Ditulis oleh Syahrianto
Industri Asuransi Masih Tertekan, Akankah Cerah pada 2025?
Ilustrasi keluarga yang diproteksi oleh asuransi (Foto: Unsplash/Towfiqu Barbhuiya)

Poin Penting :

    KABARBURSA.COM - Industri asuransi di Indonesia memiliki peran krusial dalam menjaga stabilitas ekonomi, baik bagi individu maupun badan usaha. Dengan fungsinya sebagai mitigasi risiko terhadap berbagai kejadian tidak terduga, asuransi menjadi sektor yang tidak terpisahkan dari ekosistem keuangan nasional. Namun, memasuki tahun 2025, industri ini masih menghadapi berbagai tantangan yang cukup berat.

    Menurut data Otoritas Jasa Keuangan (OJK) per Januari 2025, total aset industri asuransi mencapai Rp1.146,47 triliun, mengalami peningkatan 2,53 persen dibandingkan periode yang sama tahun sebelumnya. Namun, meskipun terjadi peningkatan aset, pendapatan premi asuransi komersial justru mengalami penurunan sebesar 4,10 persen year-on-year (yoy) menjadi Rp34,76 triliun.
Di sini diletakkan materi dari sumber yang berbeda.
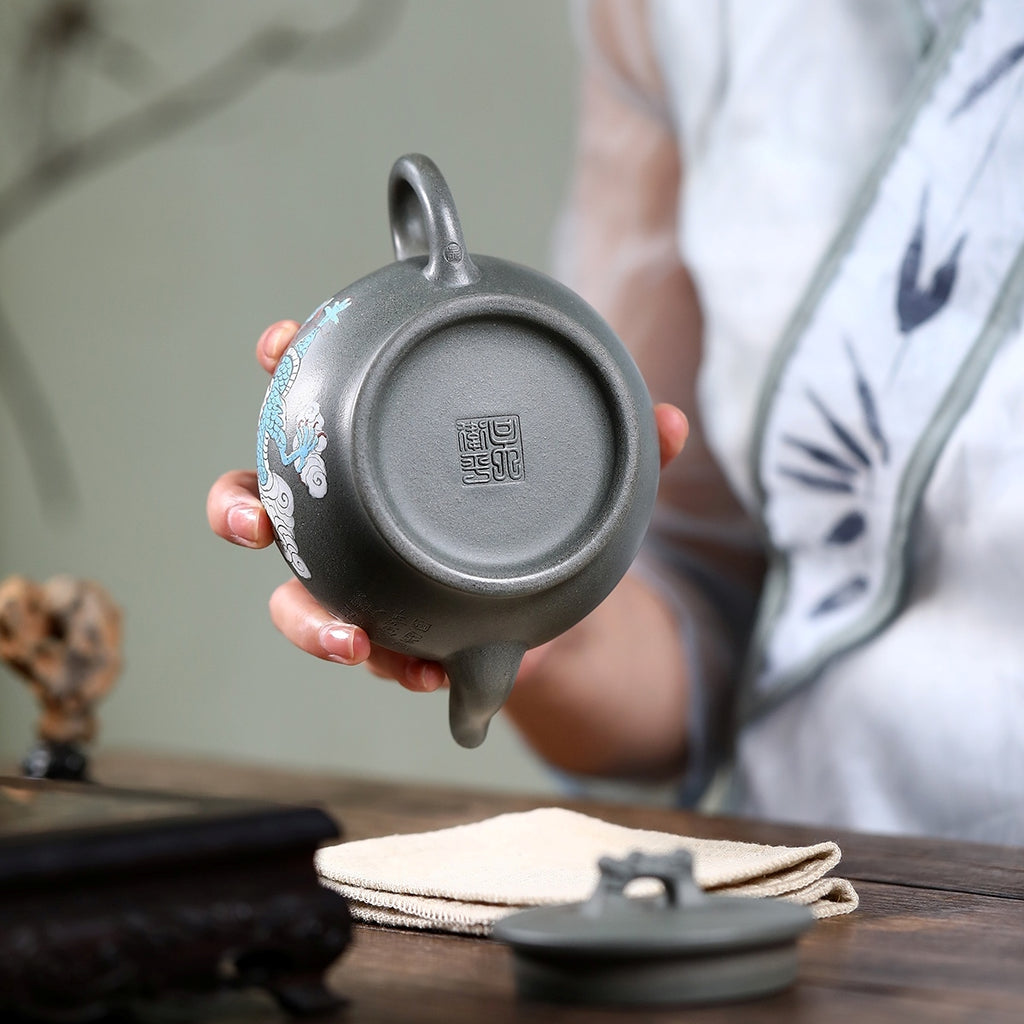SILINE Master Handmade Yixing Zisha Clay Teapot -260ml,Duanni 国工吴卫平,龙腾祥云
    Secara lebih rinci, pendapatan premi asuransi jiwa mencatat pertumbuhan positif sebesar 10,39 persen yoy menjadi Rp19,14 triliun. Sebaliknya, pendapatan premi asuransi umum dan reasuransi mengalami penurunan tajam sebesar 17,40 persen yoy menjadi Rp15,62 triliun. Tren ini mengindikasikan adanya pergeseran konsumsi masyarakat terhadap produk asuransi, dengan peningkatan pada asuransi jiwa, tetapi penurunan pada asuransi umum dan reasuransi.

    Tantangan Utama: Inflasi Medis dan Daya Beli Masyarakat

    Presiden Direktur PT Asuransi Tugu Pratama Indonesia Tbk (Tugu Insurance), Tatang Nurhidayat, menyebut bahwa industri asuransi umum masih menghadapi ketidakpastian ekonomi yang berpotensi melemahkan daya beli masyarakat. Selain itu, tingkat literasi keuangan dan kesadaran masyarakat mengenai pentingnya asuransi juga masih rendah, menjadi hambatan bagi pertumbuhan industri.

    Di sisi lain, Asosiasi Asuransi Jiwa Indonesia (AAJI) memproyeksikan bahwa inflasi medis yang tinggi akan menjadi tantangan besar bagi industri asuransi jiwa. Menurut laporan Health Trends 2025 yang dirilis oleh Mercer Marsh Benefits, inflasi medis di Indonesia diperkirakan mencapai 19 persen pada tahun 2025, meningkat dari 17,9 persen pada tahun 2024. Kondisi ini berpotensi meningkatkan jumlah klaim asuransi kesehatan secara signifikan.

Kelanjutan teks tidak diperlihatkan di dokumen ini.